Confidence: stakeholder feedback
Confidence is linked to reputation and thus in 2016, DELWP “started a biannual process of measuring our reputation.” This was conducted through a survey with high impact stakeholders asking them “about 11 attributes of reputation, that cover things like services, leadership, integrity, workplace and innovation.” The initial responses were “very honest and candid,” with an overall score in the 70% approval range. Since then, the biannual survey has seen “a 12 percentage point improvement.” This shows that the department is tracking in the right direction, and it is also likely that other forms of engagement (as mentioned above) have worked to improve confidence and reputation. At the same time, “while we’ve made some improvements, we’ve still got a way to go.” The next survey will include the impacts of COVID-19 as well as recent bushfires and floods, so “it will be interesting to see how we perform in terms of engagement.”
“Data is really important in terms of informing our thinking about what we’re doing. In terms of confidence, if we think of trust and reputation as our North Star, we are absolutely and totally going to be effective because of the kind of clarity and focus that we now have. That gives us confidence in terms of the way that we think and work in the engagement space.”
Cut through: authentic storytelling
The departmental crisis of a few years ago showed everyone that being authentic was critical. It was only because the department was authentic in how they responded that the affected communities continued to engage with the department. As such, when there were bigger crises like bushfires and a global pandemic, being authentic was of even greater importance, and that was the only way that the department could get any cut through in a crowded landscape. Both the bushfires and COVID “changed the way we engage.” It wasn’t just about more engagement; it was about “engagement in many different ways.” For instance, the engagement was in multiple languages – which required the acquisition of specific skills – and was “at speed.” DELWP also worked closely with other departments in ways that they never had before, “and we had to adapt.
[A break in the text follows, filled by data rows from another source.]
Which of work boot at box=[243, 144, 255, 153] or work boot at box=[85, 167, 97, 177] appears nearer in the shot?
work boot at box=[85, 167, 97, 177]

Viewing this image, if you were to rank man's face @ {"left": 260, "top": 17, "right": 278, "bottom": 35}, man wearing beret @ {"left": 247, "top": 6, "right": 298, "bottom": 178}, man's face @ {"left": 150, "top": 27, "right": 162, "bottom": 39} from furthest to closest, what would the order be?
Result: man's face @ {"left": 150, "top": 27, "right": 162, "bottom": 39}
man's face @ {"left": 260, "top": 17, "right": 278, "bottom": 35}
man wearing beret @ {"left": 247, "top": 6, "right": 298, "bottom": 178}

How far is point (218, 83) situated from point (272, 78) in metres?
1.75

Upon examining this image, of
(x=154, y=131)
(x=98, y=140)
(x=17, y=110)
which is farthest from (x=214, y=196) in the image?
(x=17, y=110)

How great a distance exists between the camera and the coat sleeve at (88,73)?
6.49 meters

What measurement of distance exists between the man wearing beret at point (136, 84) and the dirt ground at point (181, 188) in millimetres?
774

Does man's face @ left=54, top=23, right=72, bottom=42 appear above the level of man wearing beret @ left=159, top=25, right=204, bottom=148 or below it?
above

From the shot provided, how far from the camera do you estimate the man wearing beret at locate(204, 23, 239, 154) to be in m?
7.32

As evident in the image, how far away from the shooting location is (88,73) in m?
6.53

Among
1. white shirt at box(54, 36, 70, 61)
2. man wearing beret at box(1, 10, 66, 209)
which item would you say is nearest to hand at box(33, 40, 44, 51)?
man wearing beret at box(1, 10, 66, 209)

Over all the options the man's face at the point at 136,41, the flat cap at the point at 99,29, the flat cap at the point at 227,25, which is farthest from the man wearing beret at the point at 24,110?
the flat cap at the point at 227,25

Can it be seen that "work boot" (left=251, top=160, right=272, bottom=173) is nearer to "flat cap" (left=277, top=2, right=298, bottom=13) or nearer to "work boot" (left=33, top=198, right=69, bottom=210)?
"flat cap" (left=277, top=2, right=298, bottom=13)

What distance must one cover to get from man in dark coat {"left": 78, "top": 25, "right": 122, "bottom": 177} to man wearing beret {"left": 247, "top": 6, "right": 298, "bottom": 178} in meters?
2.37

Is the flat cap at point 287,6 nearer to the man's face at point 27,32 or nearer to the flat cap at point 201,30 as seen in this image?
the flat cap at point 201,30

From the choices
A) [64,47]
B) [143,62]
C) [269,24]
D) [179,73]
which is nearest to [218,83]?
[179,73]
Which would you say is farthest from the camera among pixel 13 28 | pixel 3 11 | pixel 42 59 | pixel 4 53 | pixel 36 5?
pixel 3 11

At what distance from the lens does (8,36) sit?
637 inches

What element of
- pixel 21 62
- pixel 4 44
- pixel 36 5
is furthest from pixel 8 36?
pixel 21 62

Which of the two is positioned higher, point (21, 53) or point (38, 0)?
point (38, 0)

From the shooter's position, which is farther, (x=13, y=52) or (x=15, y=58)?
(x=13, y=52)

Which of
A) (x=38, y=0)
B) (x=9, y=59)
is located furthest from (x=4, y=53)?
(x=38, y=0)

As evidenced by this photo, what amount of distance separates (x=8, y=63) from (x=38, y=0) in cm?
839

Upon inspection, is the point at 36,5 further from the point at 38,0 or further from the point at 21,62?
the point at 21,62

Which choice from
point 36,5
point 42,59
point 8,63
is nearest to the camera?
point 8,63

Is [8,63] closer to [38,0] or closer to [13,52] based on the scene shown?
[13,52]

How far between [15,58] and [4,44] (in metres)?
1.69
The customer facing channel was really important. When people are under stress, they want to talk to a real human being.” Social media was also engaged as a tool “of communicating authentically, quickly and simply with lot of information being more targeted.” DELWP also consolidated some of their websites and web chats, and through the pandemic, directed much of their web traffic to the government’s official COVID-19 website.
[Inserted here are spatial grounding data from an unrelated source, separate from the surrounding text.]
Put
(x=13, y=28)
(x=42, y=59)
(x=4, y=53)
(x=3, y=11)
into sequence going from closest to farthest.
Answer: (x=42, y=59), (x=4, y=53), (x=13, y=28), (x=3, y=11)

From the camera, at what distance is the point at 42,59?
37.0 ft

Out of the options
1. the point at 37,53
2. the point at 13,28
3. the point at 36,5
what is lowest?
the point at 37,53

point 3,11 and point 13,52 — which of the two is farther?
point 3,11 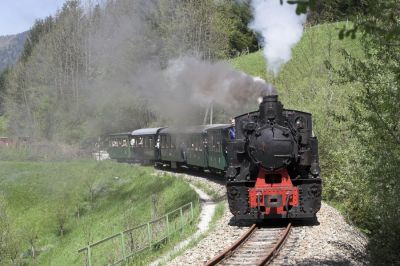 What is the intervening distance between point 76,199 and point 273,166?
29422mm

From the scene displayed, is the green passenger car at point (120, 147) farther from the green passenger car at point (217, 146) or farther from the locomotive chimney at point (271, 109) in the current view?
the locomotive chimney at point (271, 109)

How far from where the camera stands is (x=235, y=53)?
194ft

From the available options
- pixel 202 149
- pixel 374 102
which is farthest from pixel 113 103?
pixel 374 102

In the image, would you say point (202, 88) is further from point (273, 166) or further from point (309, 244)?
point (309, 244)

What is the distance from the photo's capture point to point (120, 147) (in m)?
48.0

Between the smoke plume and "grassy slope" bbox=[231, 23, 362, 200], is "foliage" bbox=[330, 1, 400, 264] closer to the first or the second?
"grassy slope" bbox=[231, 23, 362, 200]

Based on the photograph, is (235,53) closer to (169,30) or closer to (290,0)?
(169,30)

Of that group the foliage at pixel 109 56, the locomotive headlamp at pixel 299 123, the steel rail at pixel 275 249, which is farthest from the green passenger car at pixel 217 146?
the foliage at pixel 109 56

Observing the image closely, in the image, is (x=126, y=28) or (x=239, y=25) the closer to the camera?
(x=126, y=28)

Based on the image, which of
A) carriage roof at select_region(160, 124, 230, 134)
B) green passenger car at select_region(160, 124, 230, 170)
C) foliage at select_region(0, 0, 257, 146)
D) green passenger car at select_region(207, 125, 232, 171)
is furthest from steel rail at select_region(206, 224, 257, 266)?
foliage at select_region(0, 0, 257, 146)

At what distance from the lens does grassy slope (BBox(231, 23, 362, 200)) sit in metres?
18.2

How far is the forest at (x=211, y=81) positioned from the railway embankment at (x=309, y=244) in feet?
2.21

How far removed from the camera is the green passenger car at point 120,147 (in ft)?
151

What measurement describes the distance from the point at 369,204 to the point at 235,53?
45.5m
As part of their engagement, storytelling became crucial. It was something that audiences related to and thus drove up engagement and cut through. For instance, when Mallacoota was evacuated during the 2019-20 bushfires, one of the firefighters wrote a poem about his experience “and put it on the regional Facebook page. It went gangbusters because it really spoke from the heart.” That led to an opportunity to tell more stories, which included videos. “It was incredible, probably the best engagement we’ve ever had.” DELWP also held a nature festival online in 2020 and a hybrid version in 2021 to engage in different ways, and both were very successful because they were done “in ways we never thought possible.”
“To have good engagement, we really had to work out how to leverage our assets effectively and relate them to our audiences. We had to have clarity around what are delivering, confidence that comes with knowing how to measure and understand what our reputation and trust elements are, and through feedback and the use of authentic storytelling, we got effective cut through. This is what engages best.”